Comme il en avait menacé récemment ses lecteurs, Dany Laferrière n’écrit plus. Il réécrit, nuance. Le réécrivain (pourquoi pas?) retourne sur les lieux de son crime, soit une oeuvre composée de 10 romans depuis 1985. Une curieuse entreprise de reconstruction littéraire qu’il amorce en retouchant son brillant Cette grenade dans la main du jeune nègre est-elle une arme ou un fruit?.
Alors, ce fruit mûri d’abord en 1993 sous la griffe de l’écrivain noir est-il un nouveau livre? En partie. Les lecteurs de l’original y retrouveront, sensiblement pareils à vue de nez, ses chapitres toujours pertinents et impertinents, avec une centaine de pages en prime.
Le prétexte de Cette grenade… est inchangé: un grand magazine états-unien commande un reportage sur l’Amérique au narrateur, un écrivain qui goûte aux fruits doux-amers de la célébrité depuis qu’il a publié un livre au titre controversé – Comment faire l’amour avec un nègre sans se fatiguer, bien sûr…
Dans la partie ancienne du livre, Dany Laferrière examine surtout les mythes de ce Nouveau Monde qu’il prétend inchangé depuis les années 50; manipule comme des grenades dégoupillées les thèmes périlleux: le racisme, le sexe, les rapports de pouvoir dans une société divisée entre races et sexes, l’argent, et cette icône de l’Amérique, le succès.
Encore plus éclatée, cette nouvelle mouture embrasse l’Amérique plus largement, dont elle dresse un portrait contrasté. Émergeant d’un exil floridien de 12 ans, l’auteur en profite pour revisiter le pays de l’Oncle Sam. Qu’on aime le haïr ou le rêver, tout le monde croit connaître ce géant qui impose sa culture populaire à la planète. Fatale erreur d’appréciation, rectifie le narrateur de Cette grenade… "L’Amérique consomme ses produits de luxe (et les meilleurs produits des autres pays) et exporte ses déchets. Ce qui fait qu’on est toujours agréablement surpris en arrivant ici. On croit les Américains un peu plus ignorants qu’ils ne le sont en réalité."
Jouer sur les perspectives, les clichés et les faux-semblants, tel semble être le projet d’une oeuvre hybride qui emprunte tour à tour les atours de l’autobiographie, du roman, du reportage et du carnet de voyage. Dany Laferrière nous prévient d’ailleurs toujours d’emblée que "ceci n’est pas un roman". À travers des portraits, des esquisses d’essais, beaucoup de dialogues où le narrateur confronte la vision du monde de ses interlocuteurs, réels ou imaginés, l’auteur qui posait surtout des questions ("Pourquoi un écrivain nègre doit-il toujours avoir une position politique?") multiplie les observations sur divers phénomènes: la victoire des maigres sur les gras comme le puissant lobby des Cubains américains. Il ratisse large.

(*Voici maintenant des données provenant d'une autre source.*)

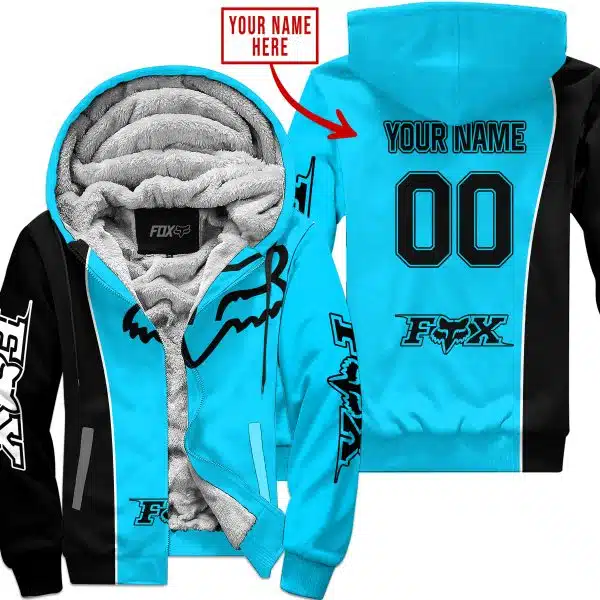 Limited Edition - Custom Name Motocrocss V2 - Fox Racing - Black Sky Blue - Fleece Zip Hoodie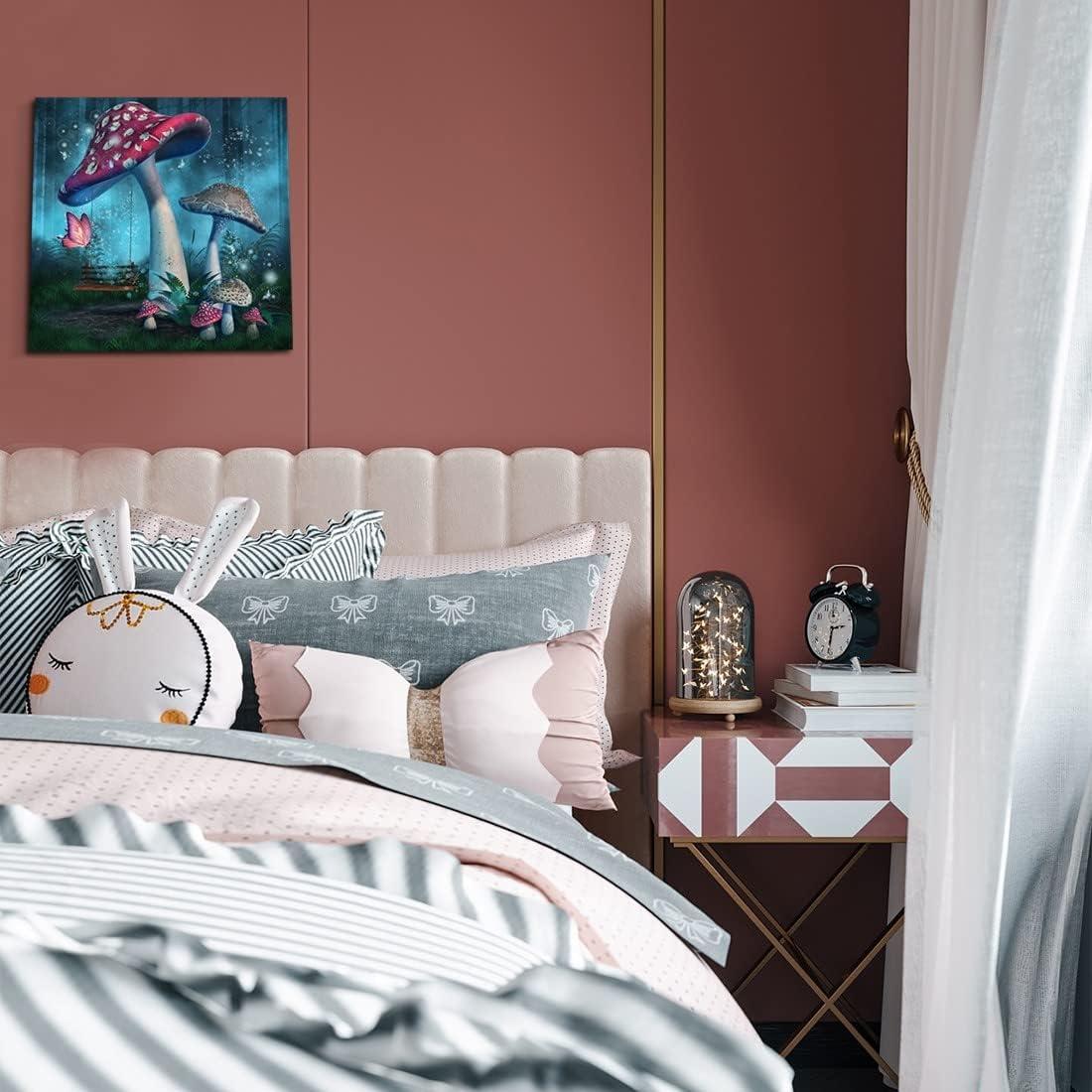 Magical Forest Wall Art Fantasy Mushroom Wall Decor Nature Landscape Plant Picture Butterflies Canvas Print Nursery Decor Fairytale Theme Wall Painting for Home Kids Bedroom Dorm Decoration 12"x12"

Cette grenade… est parsemée d’anecdotes généralement révélatrices sur l’Amérique (certaines un trop journalistiques, peut-être, comme le portrait du hacker, accumulation de faits un peu fastidieuse), déjà connues ou pas. Des histoires des riches à la Vanity Fair ou à la Truman Capote – d’ailleurs convoqué pour en raconter une -, et des histoires de pauvres, pigées dans cette matière américaine par excellence, les faits divers.
Mosaïque un peu inégale mais qui comporte des morceaux de choix. Laferrière écrit notamment avec éloquence sur les artistes américains, que ce soit Walt Whitman dont l’ombre l’accompagne dans son voyage, ou Norman Rockwell, le peintre des petites villes immuables, qui, comme le cinéaste Allen et l’écrivain Salinger, a "délimité le territoire émotionnel de l’Amérique. Confinement. Univers restreint".
L’Amérique décrite comme un gigantesque fourre-tout qui se suffit à lui-même, hors d’atteinte du reste du monde. Jusqu’à l’attaque en sol américain qui annoncerait le début de la fin. "Certains pays peuvent continuer à vivre après avoir tué leur rêve. Les États-Unis, non. Et les Américains le savent. Uniquement la médaille d’or. C’est ainsi qu’ils ont construit leur système mental. Dans cette perspective, ils sont en train d’élaborer quelque chose d’assez nouveau: la guerre sans victimes du côté américain. Chaque soldat américain annonce la défaite possible (ou future)."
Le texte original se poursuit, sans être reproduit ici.